И этот весомый, глубоко прочувствованный приговор о русском народе - особенно непререкаем в устах русского писателя, чей нравственный облик нам прорисовался на предыдущих страницах, с большим опытом цэдээловского ресторана, драк и разврата, лёгких денег от кино, - он на высоте, чтобы судить как имеющий моральную власть. Он-то и явил нам образец желанного раскаяния - какая типичная фигура для столичной образованщины 80 - 90-х годов!
Чем дальше читаешь - начинаешь угадывать: да ведь это ещё один Печерин через полтораста лет! И ждать нам недолго, Нагибин и не скрывает: “Как сладостно отчизну ненавидеть”, прямо и ссылается на источник.
И “что же будет с Россией? А ничего, ровным счётом ничего. Будет всё та же неопределённость, зыбь, болото, вспышки дурных страстей. Это - в лучшем случае. В худшем - фашизм.
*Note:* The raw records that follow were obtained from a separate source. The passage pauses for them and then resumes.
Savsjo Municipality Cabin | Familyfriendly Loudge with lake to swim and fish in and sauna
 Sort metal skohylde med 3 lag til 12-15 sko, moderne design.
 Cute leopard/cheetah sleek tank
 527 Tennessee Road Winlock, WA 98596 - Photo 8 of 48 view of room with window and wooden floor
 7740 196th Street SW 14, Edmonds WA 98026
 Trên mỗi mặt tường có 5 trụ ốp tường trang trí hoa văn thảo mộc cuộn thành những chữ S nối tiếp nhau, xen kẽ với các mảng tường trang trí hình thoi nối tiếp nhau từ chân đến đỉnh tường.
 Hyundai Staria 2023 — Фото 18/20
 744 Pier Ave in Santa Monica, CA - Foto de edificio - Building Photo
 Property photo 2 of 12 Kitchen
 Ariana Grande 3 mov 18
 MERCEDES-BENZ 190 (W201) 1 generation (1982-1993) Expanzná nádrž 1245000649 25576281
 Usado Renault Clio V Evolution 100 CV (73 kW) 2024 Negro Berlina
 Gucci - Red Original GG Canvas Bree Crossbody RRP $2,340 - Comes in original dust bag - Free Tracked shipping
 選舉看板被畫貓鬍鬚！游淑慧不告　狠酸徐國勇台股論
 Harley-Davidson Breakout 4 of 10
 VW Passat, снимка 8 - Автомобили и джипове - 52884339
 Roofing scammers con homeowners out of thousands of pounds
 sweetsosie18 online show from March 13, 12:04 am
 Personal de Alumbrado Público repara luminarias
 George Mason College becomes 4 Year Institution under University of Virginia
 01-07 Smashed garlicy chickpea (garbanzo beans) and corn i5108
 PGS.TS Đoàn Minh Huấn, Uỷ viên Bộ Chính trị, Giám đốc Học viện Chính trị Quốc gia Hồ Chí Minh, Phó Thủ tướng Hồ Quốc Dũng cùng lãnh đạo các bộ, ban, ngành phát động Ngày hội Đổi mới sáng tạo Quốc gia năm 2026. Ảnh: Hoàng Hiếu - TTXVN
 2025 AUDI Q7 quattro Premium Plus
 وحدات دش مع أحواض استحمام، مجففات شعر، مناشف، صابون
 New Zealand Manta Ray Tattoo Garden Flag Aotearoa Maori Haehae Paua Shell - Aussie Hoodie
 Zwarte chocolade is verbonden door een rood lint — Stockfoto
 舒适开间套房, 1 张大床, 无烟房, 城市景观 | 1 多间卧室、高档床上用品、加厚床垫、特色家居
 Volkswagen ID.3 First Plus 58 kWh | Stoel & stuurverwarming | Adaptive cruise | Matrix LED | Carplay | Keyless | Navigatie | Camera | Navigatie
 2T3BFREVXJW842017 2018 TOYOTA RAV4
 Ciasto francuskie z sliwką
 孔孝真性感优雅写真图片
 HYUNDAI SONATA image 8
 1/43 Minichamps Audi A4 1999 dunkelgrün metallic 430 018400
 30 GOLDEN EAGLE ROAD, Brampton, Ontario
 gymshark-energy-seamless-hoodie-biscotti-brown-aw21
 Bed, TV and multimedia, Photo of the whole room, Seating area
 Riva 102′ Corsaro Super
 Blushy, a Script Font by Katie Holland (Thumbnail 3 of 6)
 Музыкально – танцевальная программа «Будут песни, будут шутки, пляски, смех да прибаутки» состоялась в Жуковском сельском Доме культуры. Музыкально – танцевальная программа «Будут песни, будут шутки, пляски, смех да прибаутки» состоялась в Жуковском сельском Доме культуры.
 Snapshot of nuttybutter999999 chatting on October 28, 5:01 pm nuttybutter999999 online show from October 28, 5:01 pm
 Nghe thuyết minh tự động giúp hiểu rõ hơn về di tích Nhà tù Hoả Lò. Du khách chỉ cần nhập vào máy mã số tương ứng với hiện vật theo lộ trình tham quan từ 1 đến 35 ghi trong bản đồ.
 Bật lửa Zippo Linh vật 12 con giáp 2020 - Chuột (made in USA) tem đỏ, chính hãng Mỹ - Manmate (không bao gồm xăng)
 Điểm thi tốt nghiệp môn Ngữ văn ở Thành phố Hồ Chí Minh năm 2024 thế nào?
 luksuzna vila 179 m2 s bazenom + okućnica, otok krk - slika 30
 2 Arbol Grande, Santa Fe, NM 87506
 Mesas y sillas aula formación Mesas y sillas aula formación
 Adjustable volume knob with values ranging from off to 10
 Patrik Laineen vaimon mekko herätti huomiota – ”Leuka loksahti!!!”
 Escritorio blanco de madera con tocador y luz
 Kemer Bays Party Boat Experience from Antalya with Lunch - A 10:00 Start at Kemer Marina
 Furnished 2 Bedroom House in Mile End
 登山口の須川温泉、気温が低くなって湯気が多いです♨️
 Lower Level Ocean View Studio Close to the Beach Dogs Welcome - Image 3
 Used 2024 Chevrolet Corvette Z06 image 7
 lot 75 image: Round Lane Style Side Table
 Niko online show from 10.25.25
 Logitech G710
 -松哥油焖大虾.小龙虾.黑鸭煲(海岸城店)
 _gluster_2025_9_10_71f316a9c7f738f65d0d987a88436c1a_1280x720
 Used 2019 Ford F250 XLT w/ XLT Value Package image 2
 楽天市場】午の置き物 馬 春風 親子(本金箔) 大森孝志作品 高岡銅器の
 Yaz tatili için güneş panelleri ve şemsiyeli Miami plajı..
С таким народом возможно и самое дурное”. Да ведь когда этот народ всё же миру понадобился - Нагибин из солдатского котелка с ним не ел, он плавал в сексуальном тумане сановной семьи. Сочетанием своих двух предсмертных повестей он поставил выразительный памятник герою нашего времени. Ну, так и быть, для подсластки: “Надо бы помнить и дать отдохнуть русскому народу от всех переживаний, обеспечивая его колбасой, тушёнкой, крупами, картошкой, хлебом, капустой”, - это же всё в Москве производится, - “кефиром, детским питанием, табаком, водкой, кедами, джинсами, лекарствами, ватой”, - остановиться не может в перечислении: “... и жвачкой”.